Speaking with the Daily Graphic in an interview in Koforidua, Mr Baffoe explained that voters who would not be available on December 7, 2016 were expected to pick application forms from the EC within the time stipulated to go through the technical details of proxy.

The EC started receiving applications for proxy voting from August 17 and the process will end on September 26, 2016.

Mr Baffoe was speaking on the sidelines of the Graphic Town Hall Meeting between political party representatives and stakeholders in Koforidua in the Eastern Region last Wednesday.

Proxies must be verified

“It is not correct that once you pick the application form and fill it for submission then you are eligible for proxy voting,” he stated.

He said the proxy needed to be a registered voter as well, which meant that not just anybody could be picked as proxy.

Mr Baffoe indicated that the commission would have to enter the 10 fingerprints of the proxy to those of the applicant.

“This is necessary because on election day, the proxy must also be verified before he would be allowed to vote.
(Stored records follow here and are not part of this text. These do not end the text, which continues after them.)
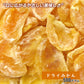 【500g】ドライみかん ドライフルーツ 甘い すっぱい 果物 保存食 キャンプ飯 おやつ お菓子 こども 母の日 オレンジ 甘酸っぱい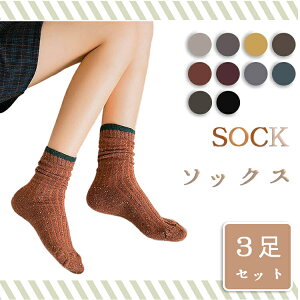 H~ fB[X\bNX C 3g TSxxbg\bNX @ ӂӂ @ C  @V[g\bNX@ gC z[\bNX R hL ۉ ₦΍ @p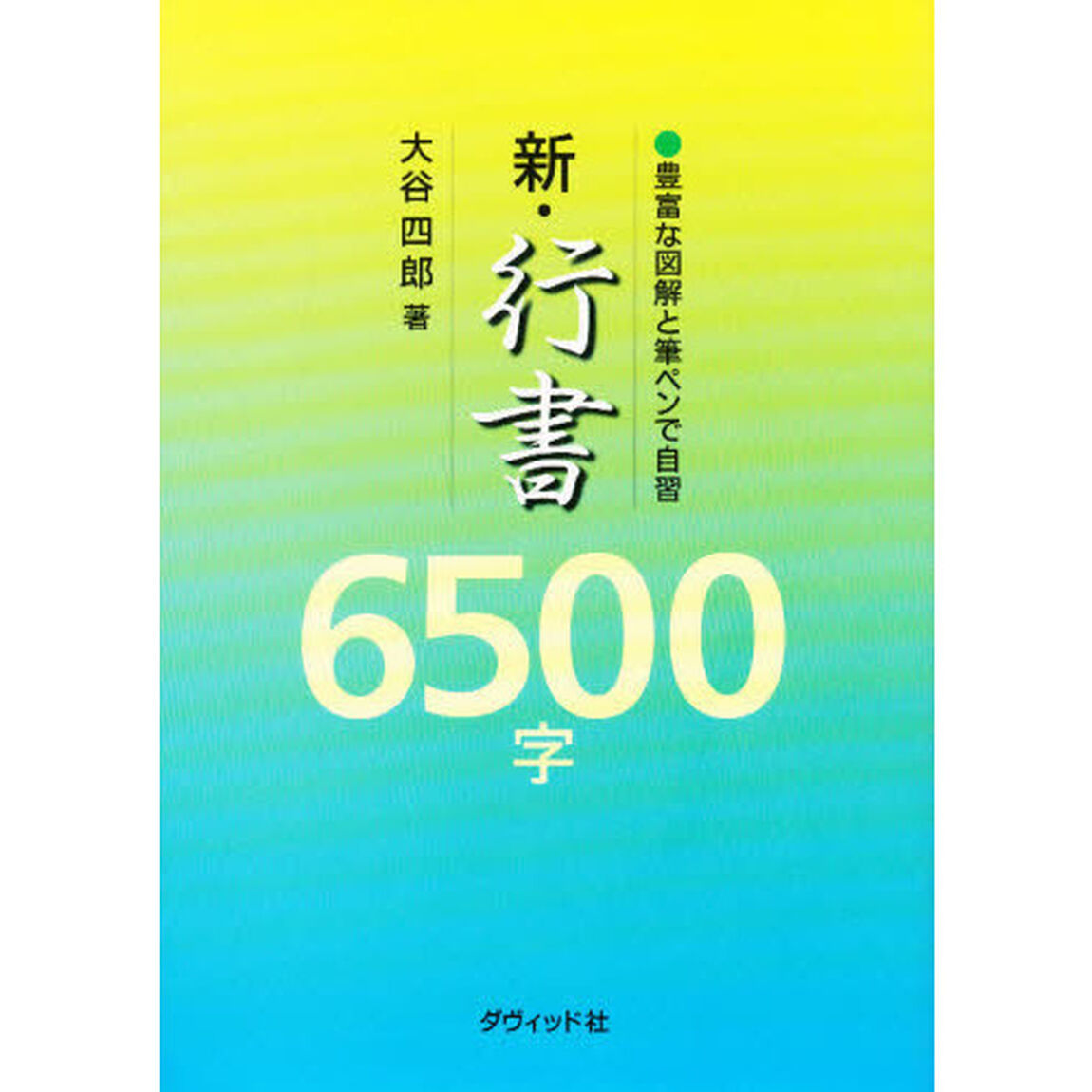 新・行書６５００字　豊富な図解と筆ペンで自習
If all these technical details are not provided, the application will not be accepted by the commission,” he added.

Either the applicant or the proxy, according to him, could pick the application form and fill it for the technical details to be completed by the EC.

Both the person asking someone to vote on his behalf by proxy and the voter, he explained, must both be verified for the proxy to be complete.

Vote transfer

Mr Baffoe said the EC anticipated a high number of vote transfers as it began a month-long nation-wide exercise today, Friday, September 9, to October 7, 2016.

The last such transfer by the EC was in 2012.

In line with that anticipation, he advised Ghanaians who had moved residence to new areas to take advantage of the exercise.

Explaining further, he asked would-be applicants to go to the districts where they were currently resident to transfer their votes and not to go to the district where they first registered.

Such applicants, he said, must ensure that they had lived at their new places of abode for not less than 12 months and were expected to show or provide physical proof of that to the commission.